Red Bull Motorsports
© Jarno Schurgers/Red Bull Content Pool
This is how F1 race suits have evolved over the years
From Juan Manuel Fangio's polo shirts to today's fire-resistant, lightweight fibres via heavy, NASA-spec jumps suits, F1 race attire has changed a lot down the years.
Since the Federation Internationale de l'Automobile introduced safety mandates governing drivers' suits and helmets in the '60s, Formula 1 race suits have evolved at a rapid pace. The suits worn by Max Verstappen bear zero resemblance to the race-day clothes worn by the kings of the sport in the '50s, who wanted comfort and cool over safety. Take a look back at nearly 70 years of F1 race suits.
Juan Manuel Fangio, 1950s
When Argentina's F1 driver Juan Manuel Fangio ruled the circuit, winning five world championships between 1951 and 1957, the idea of a safe, fire-resistant race suit was yet to be put into practice. Instead, drivers were free to wear pretty much whatever they liked, ranging from Stirling Moss’s striking overalls to Fangio’s preferred racing attire of polo shirts, work jackets and slacks. It seems bonkers now – as does Fangio's lightweight-looking head gear – but it didn’t impede the driver known as El Maestro. Fangio won 24 out of the 51 races he started, with a record-breaking win percentage of 46.15 percent.

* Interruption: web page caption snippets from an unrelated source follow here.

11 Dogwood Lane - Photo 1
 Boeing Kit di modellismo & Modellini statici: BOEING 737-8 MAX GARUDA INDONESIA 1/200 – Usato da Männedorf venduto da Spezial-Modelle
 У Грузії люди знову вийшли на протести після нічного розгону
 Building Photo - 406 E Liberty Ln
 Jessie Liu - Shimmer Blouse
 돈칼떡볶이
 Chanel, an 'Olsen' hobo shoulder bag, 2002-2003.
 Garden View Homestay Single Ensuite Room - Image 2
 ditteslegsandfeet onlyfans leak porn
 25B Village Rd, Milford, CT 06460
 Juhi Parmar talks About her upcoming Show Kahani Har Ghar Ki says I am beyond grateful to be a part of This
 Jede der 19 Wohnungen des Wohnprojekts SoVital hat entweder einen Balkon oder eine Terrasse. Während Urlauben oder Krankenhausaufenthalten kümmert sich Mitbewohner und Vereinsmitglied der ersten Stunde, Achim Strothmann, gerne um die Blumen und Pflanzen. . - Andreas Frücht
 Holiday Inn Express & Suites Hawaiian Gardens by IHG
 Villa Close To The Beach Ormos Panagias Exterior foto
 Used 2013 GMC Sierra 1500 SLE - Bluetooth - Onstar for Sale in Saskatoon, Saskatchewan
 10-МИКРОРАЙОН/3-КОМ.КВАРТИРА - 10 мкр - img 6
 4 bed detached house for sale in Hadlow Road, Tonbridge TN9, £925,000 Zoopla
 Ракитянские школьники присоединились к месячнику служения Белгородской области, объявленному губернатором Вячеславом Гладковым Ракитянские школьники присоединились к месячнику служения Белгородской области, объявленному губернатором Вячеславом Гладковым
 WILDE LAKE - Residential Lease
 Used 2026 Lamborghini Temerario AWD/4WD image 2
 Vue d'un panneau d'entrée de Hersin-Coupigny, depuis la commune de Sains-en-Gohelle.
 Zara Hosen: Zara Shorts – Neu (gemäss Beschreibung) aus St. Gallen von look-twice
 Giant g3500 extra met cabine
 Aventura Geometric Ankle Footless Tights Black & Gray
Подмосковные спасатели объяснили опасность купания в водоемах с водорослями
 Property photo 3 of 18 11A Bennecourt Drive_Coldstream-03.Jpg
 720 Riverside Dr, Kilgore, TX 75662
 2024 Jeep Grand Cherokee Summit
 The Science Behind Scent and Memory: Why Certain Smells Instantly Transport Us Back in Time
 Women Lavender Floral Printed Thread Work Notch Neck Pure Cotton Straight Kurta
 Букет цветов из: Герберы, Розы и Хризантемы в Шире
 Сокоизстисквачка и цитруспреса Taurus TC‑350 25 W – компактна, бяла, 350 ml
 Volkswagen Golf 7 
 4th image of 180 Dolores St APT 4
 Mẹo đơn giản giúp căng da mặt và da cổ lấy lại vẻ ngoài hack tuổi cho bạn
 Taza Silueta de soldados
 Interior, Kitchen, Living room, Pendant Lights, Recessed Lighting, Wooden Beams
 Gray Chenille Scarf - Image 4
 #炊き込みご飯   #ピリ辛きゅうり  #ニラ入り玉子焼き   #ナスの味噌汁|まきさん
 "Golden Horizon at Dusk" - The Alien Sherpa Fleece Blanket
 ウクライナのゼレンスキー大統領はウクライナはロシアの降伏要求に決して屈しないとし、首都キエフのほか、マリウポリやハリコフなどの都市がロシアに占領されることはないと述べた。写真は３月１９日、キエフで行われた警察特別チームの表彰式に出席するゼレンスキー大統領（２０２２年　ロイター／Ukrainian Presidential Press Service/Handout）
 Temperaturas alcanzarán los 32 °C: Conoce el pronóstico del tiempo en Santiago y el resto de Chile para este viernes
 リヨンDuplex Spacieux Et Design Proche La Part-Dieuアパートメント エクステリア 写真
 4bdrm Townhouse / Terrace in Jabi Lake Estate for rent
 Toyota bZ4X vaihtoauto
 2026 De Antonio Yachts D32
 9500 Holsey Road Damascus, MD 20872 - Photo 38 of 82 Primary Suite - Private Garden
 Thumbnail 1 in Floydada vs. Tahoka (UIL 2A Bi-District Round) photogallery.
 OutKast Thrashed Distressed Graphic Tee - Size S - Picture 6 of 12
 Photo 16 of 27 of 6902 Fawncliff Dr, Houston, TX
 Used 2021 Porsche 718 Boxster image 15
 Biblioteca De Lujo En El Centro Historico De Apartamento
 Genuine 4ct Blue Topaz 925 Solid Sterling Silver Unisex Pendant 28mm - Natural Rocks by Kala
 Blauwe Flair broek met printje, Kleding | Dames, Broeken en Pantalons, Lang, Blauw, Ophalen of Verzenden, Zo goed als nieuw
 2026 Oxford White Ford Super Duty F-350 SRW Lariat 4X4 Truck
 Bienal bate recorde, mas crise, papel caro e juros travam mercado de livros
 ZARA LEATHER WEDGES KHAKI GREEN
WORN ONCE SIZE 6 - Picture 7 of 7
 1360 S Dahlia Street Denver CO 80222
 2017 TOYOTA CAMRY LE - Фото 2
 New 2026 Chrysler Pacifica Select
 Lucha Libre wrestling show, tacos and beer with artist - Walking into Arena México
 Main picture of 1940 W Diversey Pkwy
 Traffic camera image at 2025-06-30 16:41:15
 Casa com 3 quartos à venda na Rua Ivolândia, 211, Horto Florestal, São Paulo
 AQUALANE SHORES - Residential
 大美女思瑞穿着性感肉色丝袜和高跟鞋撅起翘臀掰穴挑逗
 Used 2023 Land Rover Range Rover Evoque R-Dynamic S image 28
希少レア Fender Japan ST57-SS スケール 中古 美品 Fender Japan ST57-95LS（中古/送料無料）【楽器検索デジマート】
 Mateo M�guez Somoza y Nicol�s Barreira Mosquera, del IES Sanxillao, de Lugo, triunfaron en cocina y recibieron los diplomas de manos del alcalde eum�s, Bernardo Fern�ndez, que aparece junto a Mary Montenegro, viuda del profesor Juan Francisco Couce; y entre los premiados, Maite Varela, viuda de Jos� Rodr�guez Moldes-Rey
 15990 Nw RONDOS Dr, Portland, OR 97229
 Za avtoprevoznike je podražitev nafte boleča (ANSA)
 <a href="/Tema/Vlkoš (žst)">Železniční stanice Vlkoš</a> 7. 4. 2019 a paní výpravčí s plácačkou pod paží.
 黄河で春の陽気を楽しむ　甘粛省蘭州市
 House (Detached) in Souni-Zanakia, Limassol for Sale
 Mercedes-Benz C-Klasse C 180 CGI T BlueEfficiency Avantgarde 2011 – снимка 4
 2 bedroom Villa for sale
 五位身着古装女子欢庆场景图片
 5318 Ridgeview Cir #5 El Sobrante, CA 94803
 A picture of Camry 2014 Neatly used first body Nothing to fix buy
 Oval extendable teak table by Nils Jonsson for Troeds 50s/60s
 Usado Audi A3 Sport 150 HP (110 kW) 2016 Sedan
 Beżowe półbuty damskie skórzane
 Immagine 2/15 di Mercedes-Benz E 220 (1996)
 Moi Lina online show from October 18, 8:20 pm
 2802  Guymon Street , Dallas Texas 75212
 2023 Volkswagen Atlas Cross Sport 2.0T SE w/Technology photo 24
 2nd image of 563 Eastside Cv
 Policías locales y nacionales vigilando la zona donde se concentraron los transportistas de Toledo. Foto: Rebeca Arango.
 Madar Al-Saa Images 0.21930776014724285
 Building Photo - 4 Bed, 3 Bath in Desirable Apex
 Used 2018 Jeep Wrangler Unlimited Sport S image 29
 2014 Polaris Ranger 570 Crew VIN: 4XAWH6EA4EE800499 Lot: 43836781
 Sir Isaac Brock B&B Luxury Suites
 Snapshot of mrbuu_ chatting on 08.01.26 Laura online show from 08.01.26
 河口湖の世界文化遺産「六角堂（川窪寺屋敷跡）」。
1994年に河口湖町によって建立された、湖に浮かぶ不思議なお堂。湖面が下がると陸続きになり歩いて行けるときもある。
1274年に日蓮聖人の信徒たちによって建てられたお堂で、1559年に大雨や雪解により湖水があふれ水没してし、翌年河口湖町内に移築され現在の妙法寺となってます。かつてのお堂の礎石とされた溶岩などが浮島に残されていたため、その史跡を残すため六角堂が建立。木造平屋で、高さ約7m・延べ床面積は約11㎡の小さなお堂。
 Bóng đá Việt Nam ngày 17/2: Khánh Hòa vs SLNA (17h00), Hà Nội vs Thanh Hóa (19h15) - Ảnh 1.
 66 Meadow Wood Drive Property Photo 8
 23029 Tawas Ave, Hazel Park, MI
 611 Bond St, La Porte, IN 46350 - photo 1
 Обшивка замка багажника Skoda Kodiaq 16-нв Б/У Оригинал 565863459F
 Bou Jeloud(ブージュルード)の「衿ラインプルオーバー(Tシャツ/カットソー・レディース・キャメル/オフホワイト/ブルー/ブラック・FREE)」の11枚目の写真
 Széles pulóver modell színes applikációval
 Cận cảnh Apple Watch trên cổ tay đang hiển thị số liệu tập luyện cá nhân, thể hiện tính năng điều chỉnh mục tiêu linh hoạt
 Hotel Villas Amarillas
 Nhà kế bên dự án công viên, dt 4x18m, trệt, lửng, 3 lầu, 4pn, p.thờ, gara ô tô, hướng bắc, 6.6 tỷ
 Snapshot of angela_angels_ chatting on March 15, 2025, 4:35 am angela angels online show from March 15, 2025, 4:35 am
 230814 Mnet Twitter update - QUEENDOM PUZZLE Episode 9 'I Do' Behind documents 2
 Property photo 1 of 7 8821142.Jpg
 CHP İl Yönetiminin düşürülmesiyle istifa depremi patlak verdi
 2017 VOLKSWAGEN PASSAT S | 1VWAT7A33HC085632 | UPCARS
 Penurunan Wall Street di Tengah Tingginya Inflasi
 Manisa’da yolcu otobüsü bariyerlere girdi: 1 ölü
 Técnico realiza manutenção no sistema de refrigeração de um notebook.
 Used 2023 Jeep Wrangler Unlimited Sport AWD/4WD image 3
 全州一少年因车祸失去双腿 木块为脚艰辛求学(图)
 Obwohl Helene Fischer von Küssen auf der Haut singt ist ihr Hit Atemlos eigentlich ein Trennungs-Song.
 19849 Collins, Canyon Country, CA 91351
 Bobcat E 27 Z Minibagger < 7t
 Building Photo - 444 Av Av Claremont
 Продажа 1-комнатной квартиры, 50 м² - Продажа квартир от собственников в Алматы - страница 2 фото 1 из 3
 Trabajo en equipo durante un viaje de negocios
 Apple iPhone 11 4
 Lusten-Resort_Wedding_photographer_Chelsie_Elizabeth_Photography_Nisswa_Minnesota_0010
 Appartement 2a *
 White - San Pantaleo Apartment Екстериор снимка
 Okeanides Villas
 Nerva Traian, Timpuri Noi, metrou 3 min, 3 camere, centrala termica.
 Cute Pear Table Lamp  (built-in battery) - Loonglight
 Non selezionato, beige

Jackie Stewart, late '60s and early '70s
Did any F1 driver look as cool on the track as three-time world champion Jackie Stewart did in the late '60s and early '70s? Although he still managed to weave his Scottish pride onto his famous white suit and helmet, the Flying Scot wore a much safer get-up than F1 predecessors such as Fangio. After a series of fiery incidents across the world of motorsport in the early '60s, fire-retardant suits began to be developed and, in 1963, the FIA brought in its first rules regarding fire suits. The Nomex 'Heat Shield Firesuit' arrived in motorsport after NASCAR’s Bill Simpson was introduced to the material by NASA astronaut Pete Conrad.
Niki Lauda, 1976
In 1975, the FIA introduced standards for fire-retardant suits, but the 1976 crash at Nürburgring that nearly killed Austria's three-time world champion Niki Lauda and left him badly scarred, highlighted that drivers' cotton suits were still far too flammable. Drivers and their teams began taking their own safety increasingly seriously. A few years later, in 1979, drivers such as Lauda and Mario Andretti were wearing bulky and uncomfortable five-layer suits made to NASA specifications, using the same materials used to make astronaut suits.
Ayrton Senna, 1987
Ayrton Senna’s 1987 race suit, which adheres to the FIA’s 1986 specifications, is a major piece of F1 history. The Brazilian driver wore the suit as he drove Team Lotus’ 99T car to its final ever Grand Prix victory at Monaco, and adorned Senna as he took seven podium finishes in a season that signposted his future dominance. This 1987 suit, in eye-popping, but way-cool, yellow, is typical of F1 overalls of the era, when teams and sponsors emblazoned their brands on suits with patches that added substantial weight and bulk. Of course, tobacco sponsorship, then prevalent, has been banned since 2006. The 1987 suit Senna wore at his Monaco triumph, complete with shoulder epaulettes strong enough to pull a driver out of his car along with a seat, was last sold at auction for €38,400 [£33,709 / $45,343].
Max Verstappen, 2018
Max Verstappen’s 2018 race attire is typical of suits worn by all modern drivers and pit crews. (FIA mandated that they should also adhere to the same rules as drivers in 1994.) The challenge in recent years, though, has been to maximise both protection and comfort. Long gone, then, are heavy, fiver-layer fire suits, replaced instead with lightweight and breathable layers of Nomex fabric that goes through a rigorous process of washing, drying and testing at 600 to 800 degrees Celsius. Everything, from zips, gloves and socks, to the thread tying it all together, must be able to withstand the same heat too. To further reduce the weight and bulk of race suits, sponsors’ logos are now printed on.